Sports, Toronto

Mindhunter: The Cavs Maintain Their Psychological Edge Over Raptors With A Comeback Win

James and DeRozan show mutual respect during last year's playoffs.
James and DeRozan show mutual respect during last year’s playoffs.

Despite having a 15 point lead at halftime, the Raptors lost to the Cavs last night 132-129. It’s not just that they lost, but the fashion in which they lost that should be of some concern. More so, the loss does nothing to help the Raptors in dealing with their psychological demons where LeBron James is concerned.

Just as we shouldn’t be overly excited by the Raptors’ win over The Houston Rockets last week, we shouldn’t feel overly discouraged by last night’s loss either.  Although the Raptors are having an historic season, the elephant in the locker room remains… can you beat a LeBron James led team in a 7 game series?

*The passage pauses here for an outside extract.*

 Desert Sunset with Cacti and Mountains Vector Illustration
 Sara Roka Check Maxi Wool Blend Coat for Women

HAVE WE SEEN THIS STORY BEFORE?

Michael Jordan and Isaiah Thomas
Michael Jordan and Isaiah Thomas

The Raptors’ annual woes with the Cavs/LeBron strikes an eerie similarity (at least to me) to the Chicago Bulls‘ (late 80’s / early 90’s) struggles with the Detroit Pistons.  Only, this was a reverse scenario; where the Bull’s had the best player on earth; a one man wrecking crew in Michael Jordan; the Pistons employed a team effort/philosophy that overcame Jordan’s heroics. They were so successful keeping Jordan at bay, it spurred a book called The Jordan Rules. The “Bad Boys” of Detroit had the psychological edge.  Things had to change if Jordan and the Bulls were going to defeat their nemesis; and change they did!  Scottie Pippen and Horace Grant emerged as stars, the role players got better and Phil Jackson employed a new offensive system (Tex Winter’s triangle offence). BTW, Jordan was resistant to the new offence, much like DeRozan and Lowry were with the Raps’ new offence this year.  With the changes in place and Jordan putting more trust in his teammates, the Bulls finally overcame the Pistons in a dramatic sweep, and never looked back.

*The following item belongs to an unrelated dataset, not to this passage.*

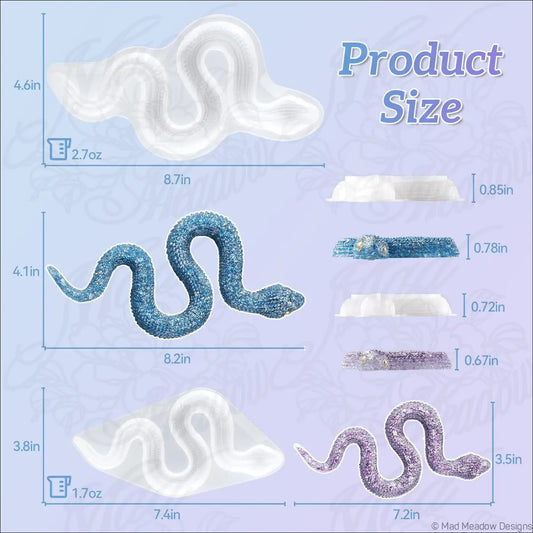2Pcs Snake Resin Molds Flexible Silicone Molds (Large Small)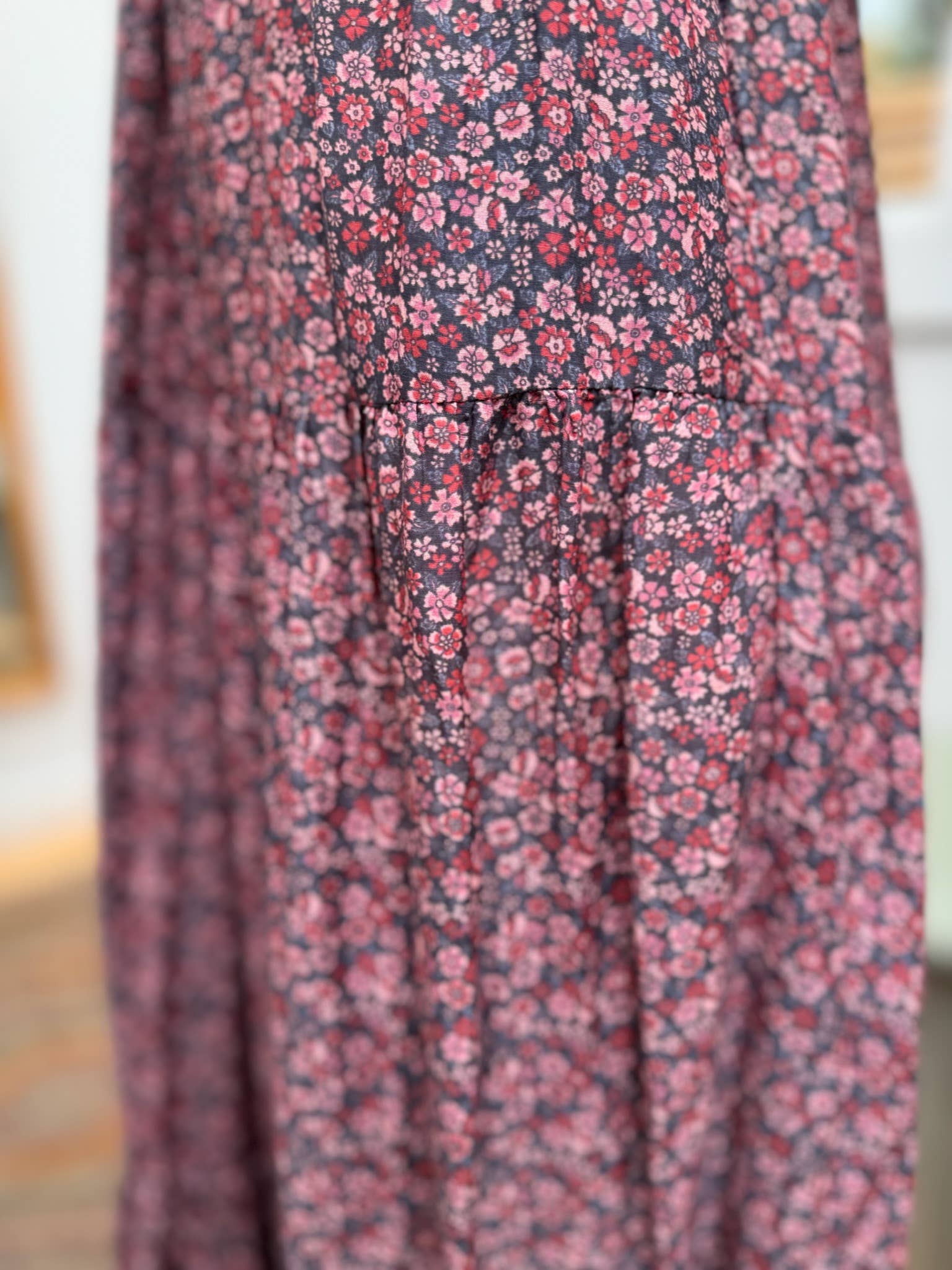 Florawear.co - Venta al por mayor Vestido - Mujer - vestido de verano de algodón y seda sin mangas con bolsillos y estampado floral rojo6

Could this be the year the Raptors get that psychological monkey off their back? The similarities are there. The Raptors have changed their offensive sets, emphasizing more ball movement, Lowry is taking less shots and DeMar, more threes.  This is DeRozan and Lowry’s first full year with Serge Ibaka; and they are trusting much more in their teammates (especially, the bench led by Fred VanVleet). Last night’s game is just one game. A regular season loss, that won’t change anything in the standings.  The silver lining from last night’s loss is that C.J. Miles was not available due to illness. The bench is not the bench we’ve come to know and love without C.J. Miles.  If you’re down by three with a few seconds, you want Miles on the floor. If you’re in the midst of an offensive slump during the game, you want Miles on the floor.

DeMar DeRozan and Kyle Lowry
DeMar DeRozan and Kyle Lowry

Until the Raptors meet and defeat LeBron James and ( place-team-name-here ) in the playoffs, the potential for mind games and self doubt will continue. This year’s iteration of the Raptors does feel,  and is, different in many ways and the statistics still back the Raptors as the team to come of the east. The questions remaining can only be answered by a 7 game series. Is it LeBron James or is it themselves, that’s in the way? Probably both. If the Raptors shed that “monkey” off their back and get to the NBA Final with their minds freed, anything is possible.

#DJRF

(BTW, I know it sounds like an excuse but really, C.J. Miles is a huge part of why the Raptors bench has been as good as it’s been. I sort of like that the Cavs didn’t get our best line up, unfortunately the Raptors didn’t see Cleveland’s best line up either.)